三年生になった。
俺たちは普通の高校生から受験生になった。
そして、クラス替えがあった。
坂井さんと園田は、同じクラスになった。
俺だけ、クラスが離れた。
新しく入った教室に、坂井さんの姿も園田の姿もがないだけで、ほんの少し寂しさを感じた。
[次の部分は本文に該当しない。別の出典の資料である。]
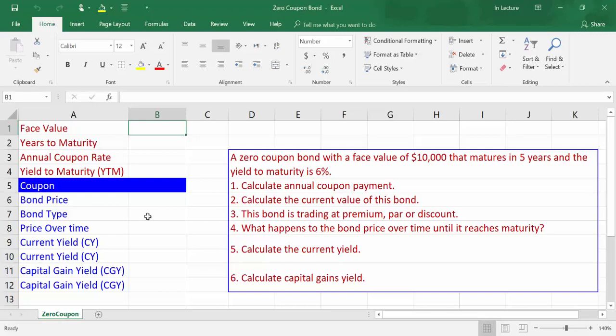This video is about computing a zero coupon bond using Excel. We have the following question: a zero coupon bond with a face value of $10,000 that matures in 5 years and the yield to maturity is 6%.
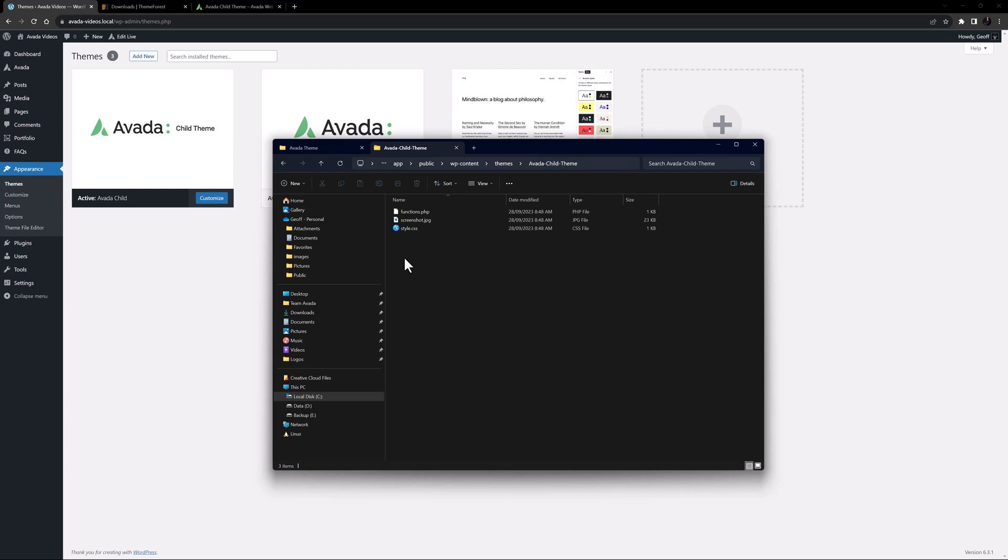It's when we want to add modifications to Avada that the child theme comes into its own. Perhaps the simplest of these modifications is the addition of custom CSS. You could, for example, add all your custom CSS into the style.css file, instead of having it in the global options.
その気持ちを紛らわすために、二人のクラスをのぞいた。
そこには、出席番号順に前後の席に座る二人がいた。
それを見て、それだけで、胸がざわついた。
そんなの、大したことじゃない。
今までと何も変わらない。
今までだって、三年間二人は、ああして出席番号の前後だった。
何も変わらない。
俺と坂井さんの関係も、俺と園田の関係も。
そして、園田と、坂井さんの関係も。
そう自分に言い聞かせた。
図書室で一緒に勉強する穏やかな時間も、グラウンドを見下ろす坂井さんと目が合う瞬間も、「勝見君は自慢の彼氏だよ」、その言葉に力が湧くことも。
何も変わらない。
クラスが変わっただけ。
教室が離れただけ。
受験生になっただけ。
周りが受験のプレッシャーで徐々にぴりつく中で、俺だけは何も変わらない日常を探して、心の均衡を保とうとしていた。